およそ古代の中国に関心を持つ者が必ずぶつかる壁がある。文字の国中国に残された夥しい文献である。時空を隔てた漢字の羅列とどのように向き合うか、人によってその方法は様々だが、私はその鍵を古い中国の言葉そのものの中に見出そうとした。漢文(古代中国語)は文脈によって如何様にも読める、漢文には文法がない、などと平気で言う人がいた時代である。どのようにも読めるというのは読めないのと同じこと、文法がないなら自分で見つけてやろう、そのような気持ちで選んだ進学先が、中国語中国文学専修過程であった。何かをするためには、私にとってはそれが先決だった。

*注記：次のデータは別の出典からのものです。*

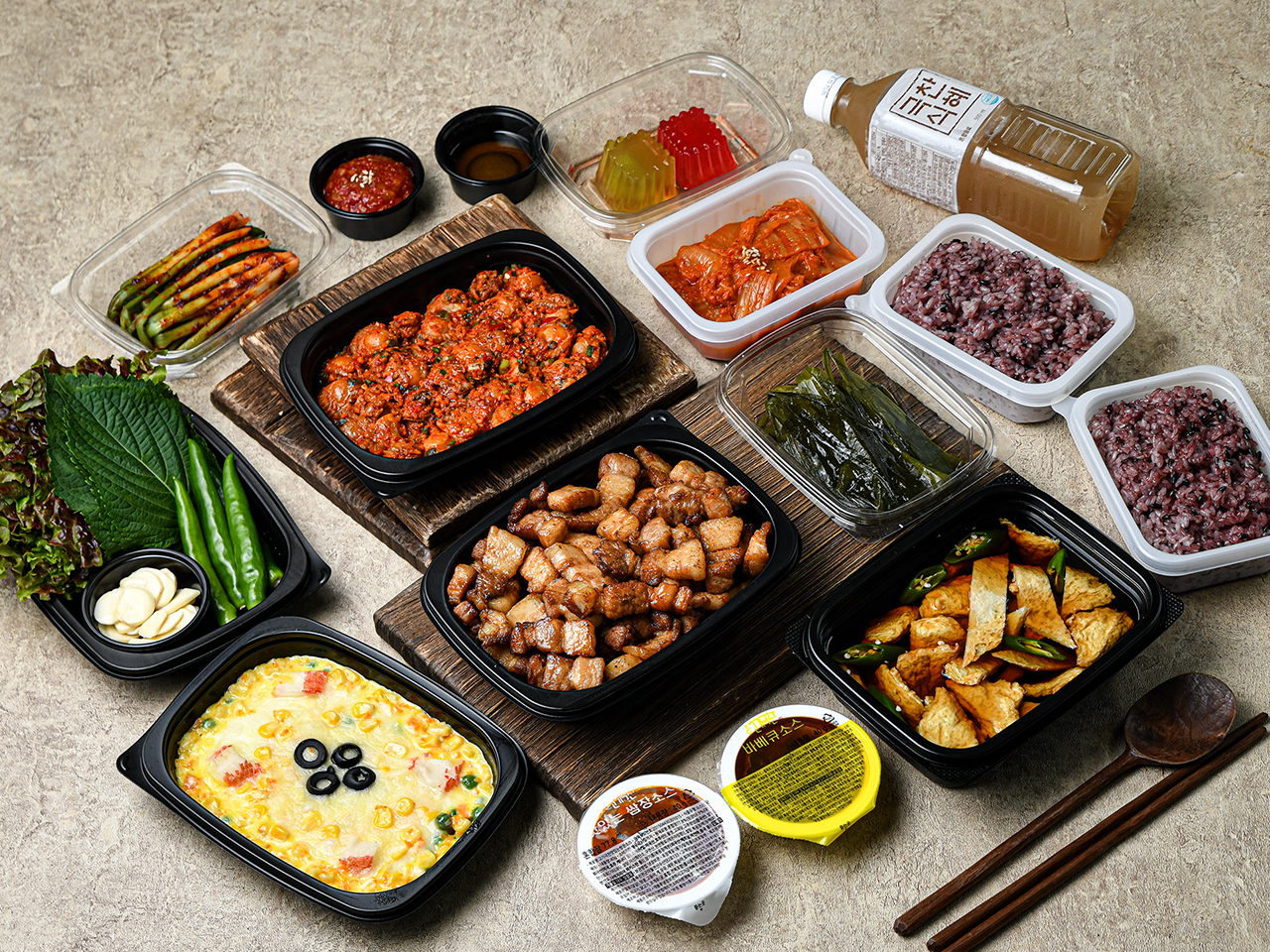 극찬 받은 한상 (500g)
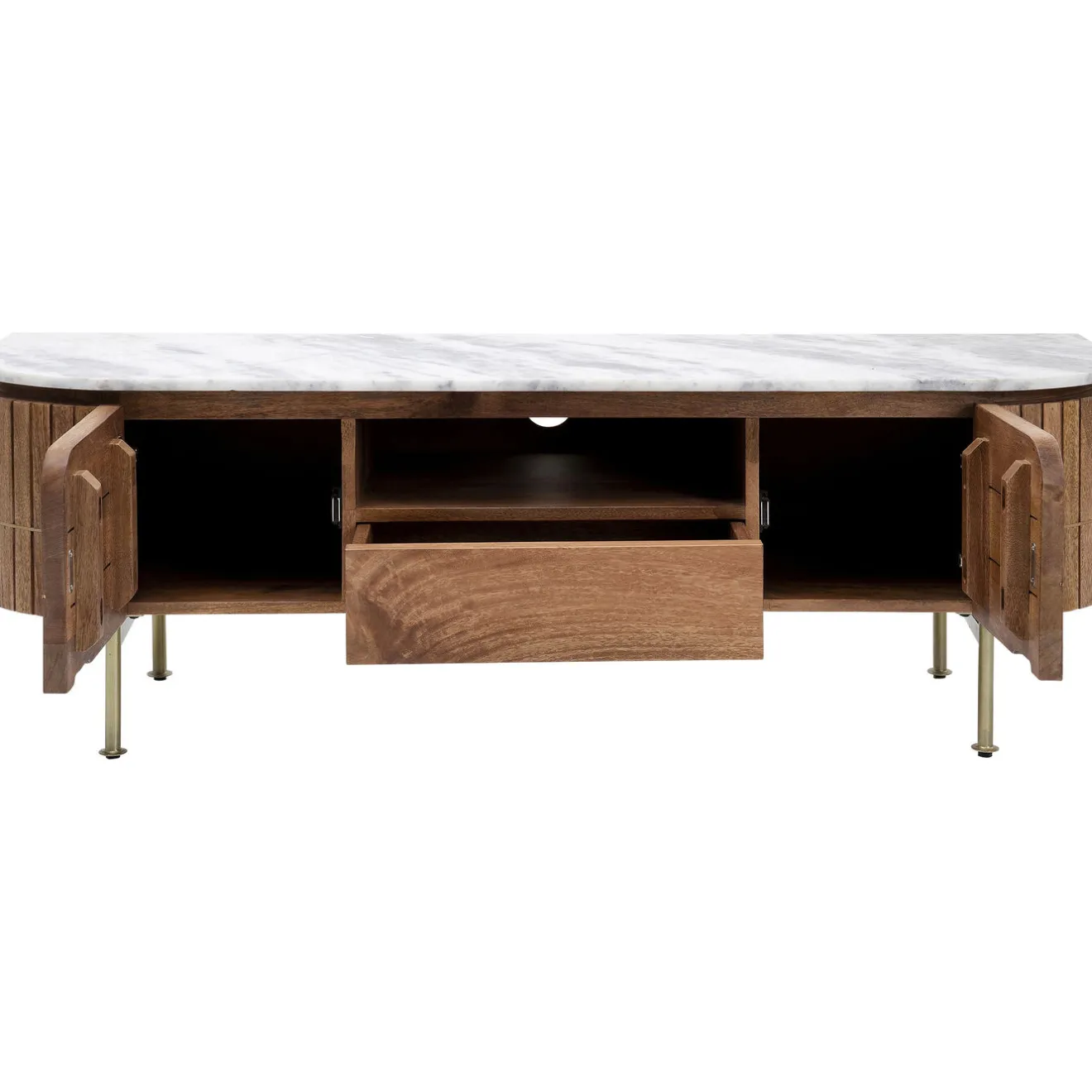 KARE Design Buffets Bas|Buffet Bas Grace 145X48Cm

文学部で過ごした二年間は苦しい時代だった。意欲ばかりが空回りする中で、次第に自分の目しか信じられなくなった。字書も句読点も信じられず、文献を読む時には点の切っていない白文を極力選んだ。今から思うと病気の一歩手前、しかも大変滑稽なことで、ベテランの研究者がつけた注釈をじっくり読んだ方が、よほど勉強になったはずである。ふっと肩の力が抜けたように楽になったのは、そんなに何でも自分でやろうとしてもできません、という恩師の一言がきっかけだった。他人の助けを素直に借りることができるようになったのは、大学院に入ってからのことだった。

一旦途切れた文字の縁がつながったのも、その頃だった。上古の中国語の文献は限りがあるから、何か新しい研究成果を挙げるためには出土文字資料を扱いなさいという、これも恩師のアドバイスである。私は東洋文化研究所の松丸道雄先生の下で、金文(周代の青銅器銘文)を学び始めた。松丸先生の指導は厳しかった。出席者は一つの銘文を割り当てられ、それについての全ての文献を細大漏らさず集めて読み込み、その上で自分の見解を報告することが求められた。そこで私は再び金文研究者としての白川静と向き合うことになった。そのようなある夜、研究会の後の飲み屋でふと感じた息苦しさが、白川文字学との訣別のきっかけとなった。以前あれほど魅力的に感じられた字源に関する言説が、実は甲骨文や金文のコンテクストに立脚点を持たず、信じるか信じないかというレベルで人に受け入れを迫るものであることに思い至ったのである。

しかし文字との縁は切れなかった。戦国時代の楚の国の竹簡を始めとする出土資料が増えたため、言語の研究にとっても難解な戦国文字資料を避けては通れなくなったのである。東大着任間もない1998年に、中国広州市の中山大学に楚の文字を学ぶべく留学し、それ以後楚の竹簡を中心に戦国文字資料の解読や文字学的研究も行うようになった。広州から帰国後、新設の大学院文化資源学研究専攻の文字資料コースの担当を命じられ、それまでは考えられなかった様々な分野の先生方とお付き合いさせていただいて10年になる。ごくたまに呼ばれる他所での講義や講演は、文字に関するものばかりだ。本業の上古中国語文法には、まずお呼びはかからない。副産物であったはずの文字研究だが、むしろそれによって「世間」と繋がっているのは、何とも不思議なご縁である。上田萬年と白川静に始まり、多くの先生方によって紡ぎ続けられたこの縁をしみじみ思う。